AI Business Growth: The company's AI-related business revenue increased to 32% of total revenue, reflecting strong global demand for hybrid AI solutions.
Market Position and Resilience: Analysts noted Lenovo's strong supply chain management and leading global PC shipment scale, which enhance its ability to manage rising component costs and demonstrate cyclical resilience compared to competitors.
Analyst Ratings: Huatai Securities maintained a "Buy" rating on Lenovo with a target price of $14, while BofAS reduced its target price to $9.9 but reaffirmed a neutral rating.

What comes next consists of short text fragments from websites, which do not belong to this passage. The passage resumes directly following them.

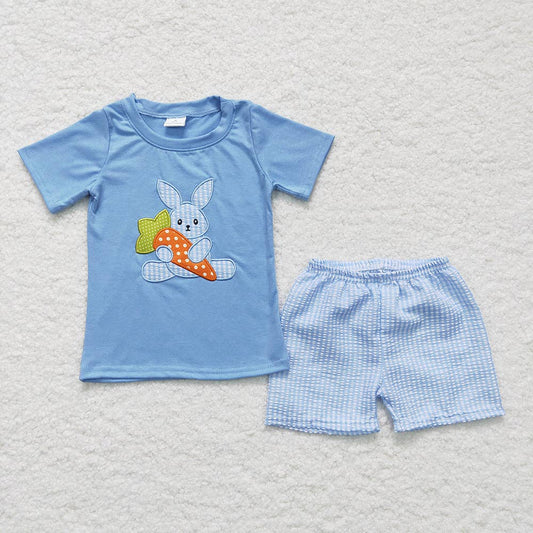 Boys Blue Easter rabbit shorts set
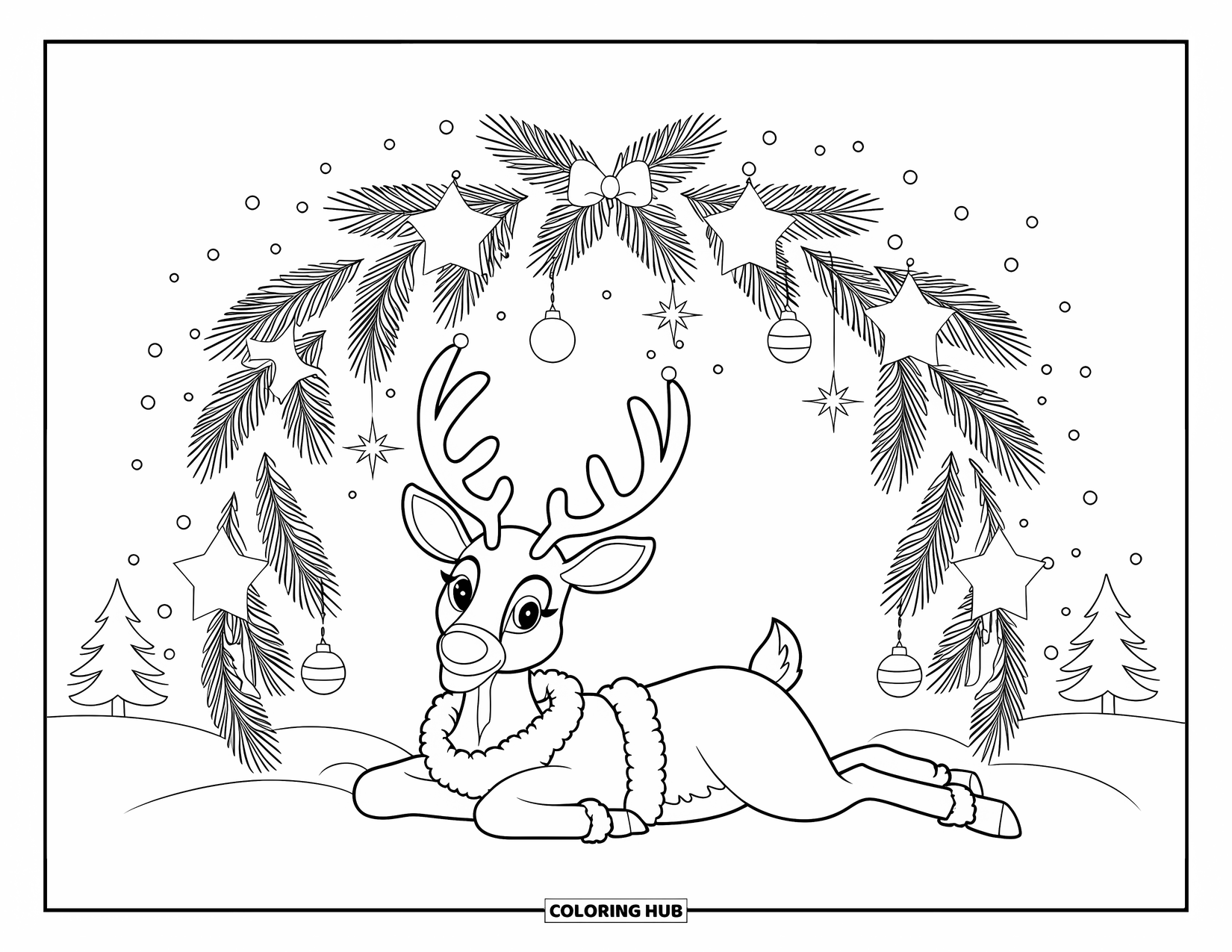 Christmas Reindeer Coloring Page for Kids: A jolly reindeer in a red suit rests beneath a starry arch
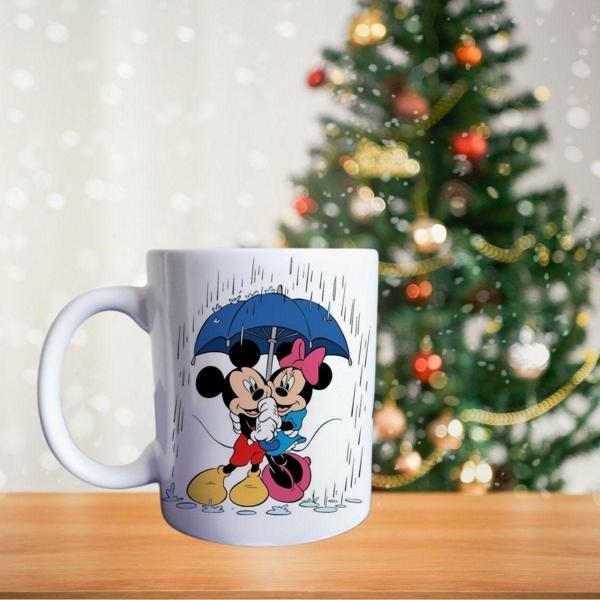 Mickey Ve Minnie Mouse Yağmur Altında Porselen Kupa - Image 1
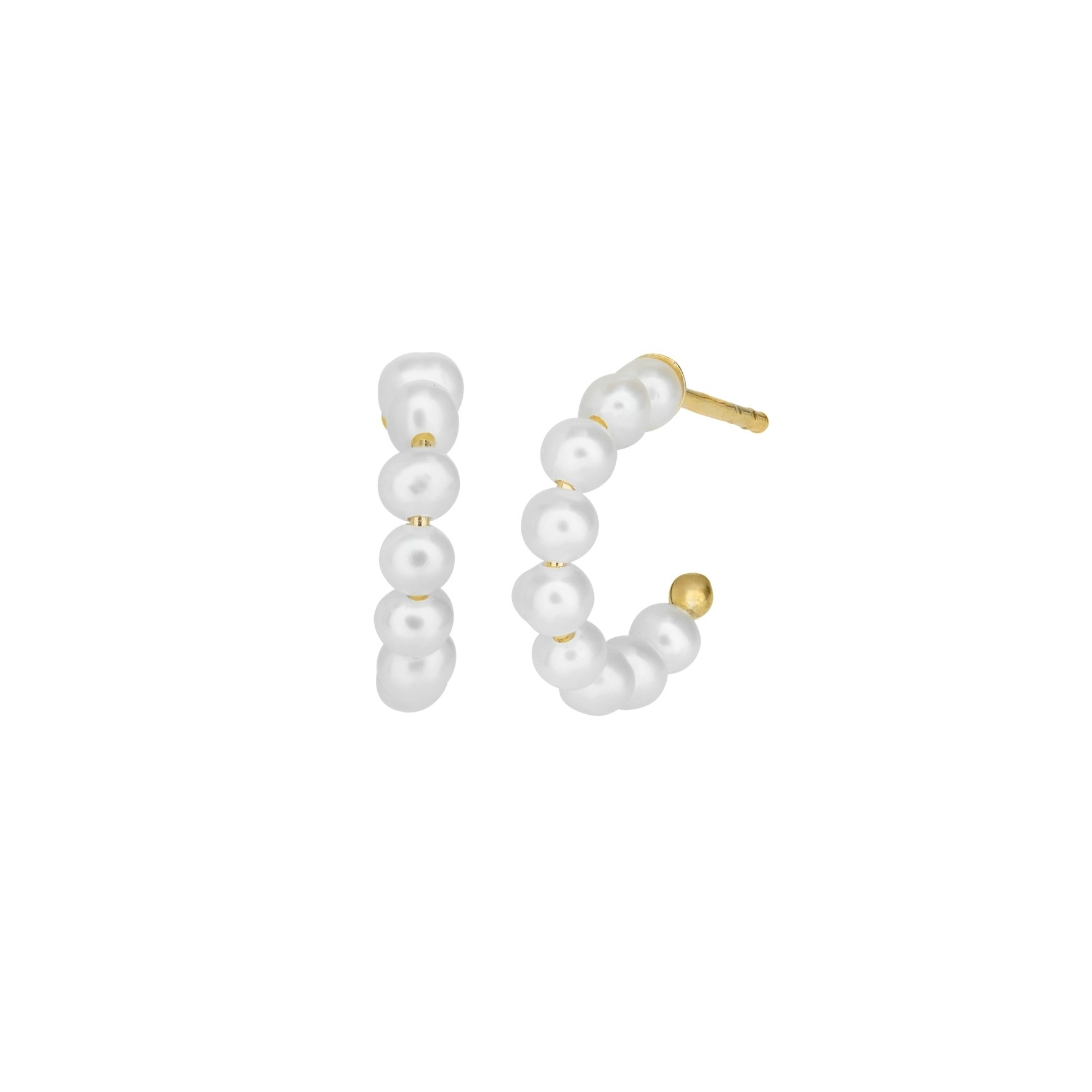 Aura Pearl Hoops van byBiehl in Verguld-Zilver Sterling 925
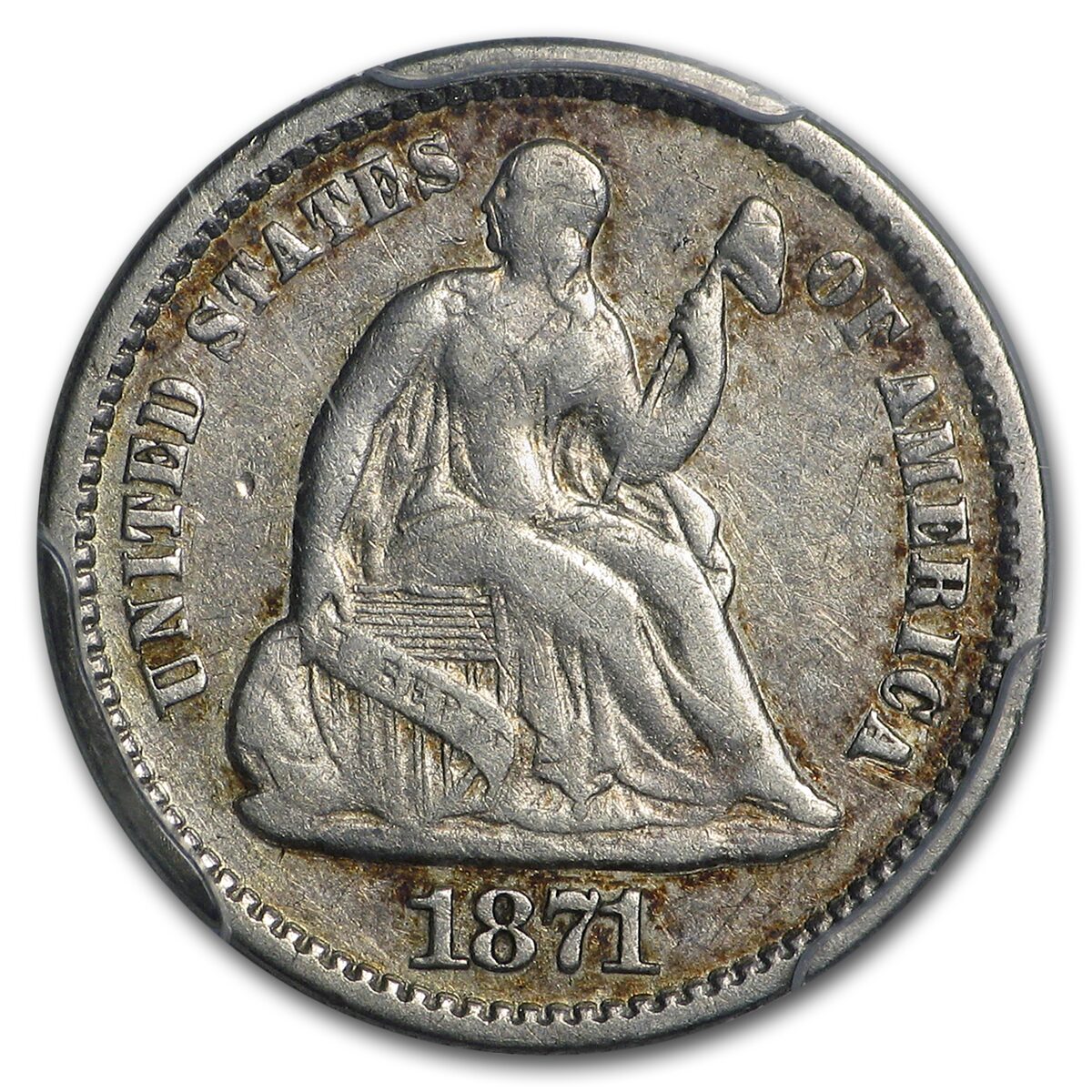 1871 Liberty Seated Half Dime VF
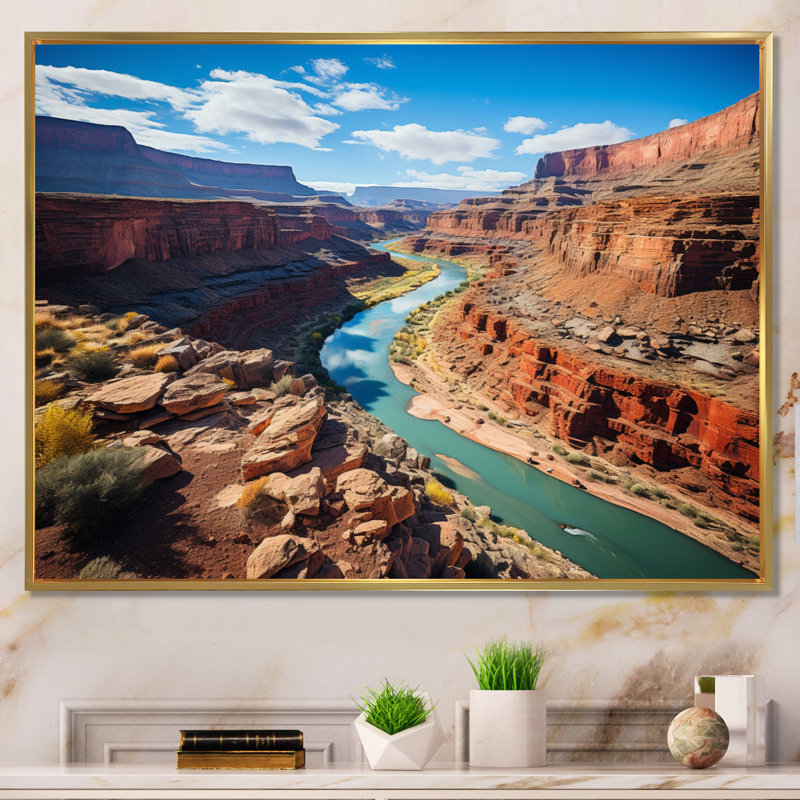 «USA Grand Canyon Majesty», art sur toile États-Unis, H 12 po x l 20 po x P 1 po, Cadre flottant doré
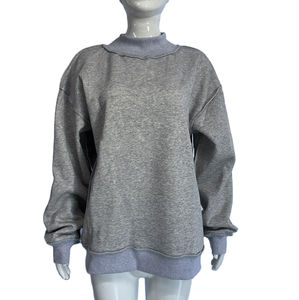 เสื้อสเวตเชิ้ตผ้าฟลีซพิมพ์ลายดิจิทัลทรงหลวม คอวี แขนเสื้อแบบดรอปโชว์เดอร์ น้ำหนักเบา ผลิตจากผ้าฝ้าย 100% สำหรับผู้ชาย สวมใส่สบายๆ รับผลิตแบบ OEM - Product Image 4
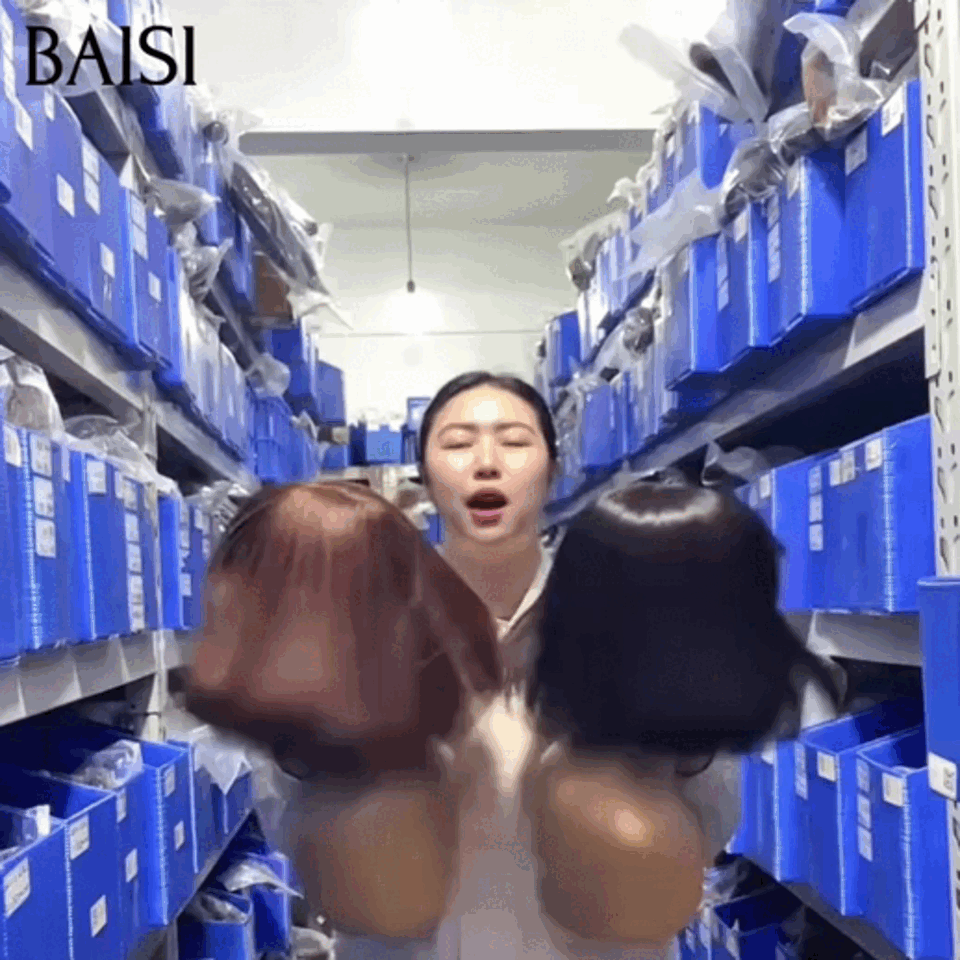 BAISI pour revendre 2 perruques 100€ BOB sans Colle Lisse avec Frange 8 Pouces en 2 couleurs NOIR et Marron en 100% vrais cheveux humains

Financial Performance: LENOVO GROUP reported a revenue of USD22.204 billion in 3QFY26, an 18% year-over-year increase, with a non-HKFRS net profit growth of 36% YoY to USD589 million, although net profit attributable to shareholders fell by 21% YoY to USD546 million.
AI Business Growth: The company's strong performance was driven by a 72% YoY growth in its AI-related business, which now constitutes 32% of total revenue, alongside effective cost control that improved the operating profit margin by 0.6 percentage points YoY to 4.3%.
Analyst Ratings: CICC has raised its FY26 non-HKFRS net profit forecast for LENOVO GROUP by 6.5% to USD1.801 billion, maintaining an Outperform rating with a target price of HKD14.8.
Market Sentiment: M Stanley views LENOVO GROUP's sales decline guidance as overly conservative and has kept its rating at Equalweight, reflecting cautious optimism in the company's market position.
Tech Industry Concerns: Leaders like Elon Musk and Tim Cook are warning about a global crisis due to memory chip shortages affecting profits and corporate planning, with rising prices impacting various products.
AI Data Centers Impact: The construction of AI data centers is straining memory chip supply, as AI chips require significant high-bandwidth memory, leading to shortages in traditional sectors like mobile phones and PCs.
Ongoing Supply Tensions: Memory chip supply has been tight even before the full launch of AI data center plans, with prices increasing and expectations that supply issues will persist until at least the end of the year.
Market Reactions: Lenovo's CEO has indicated that the structural imbalance between supply and demand is not a temporary issue, reflecting broader market concerns about the sustainability of chip supplies.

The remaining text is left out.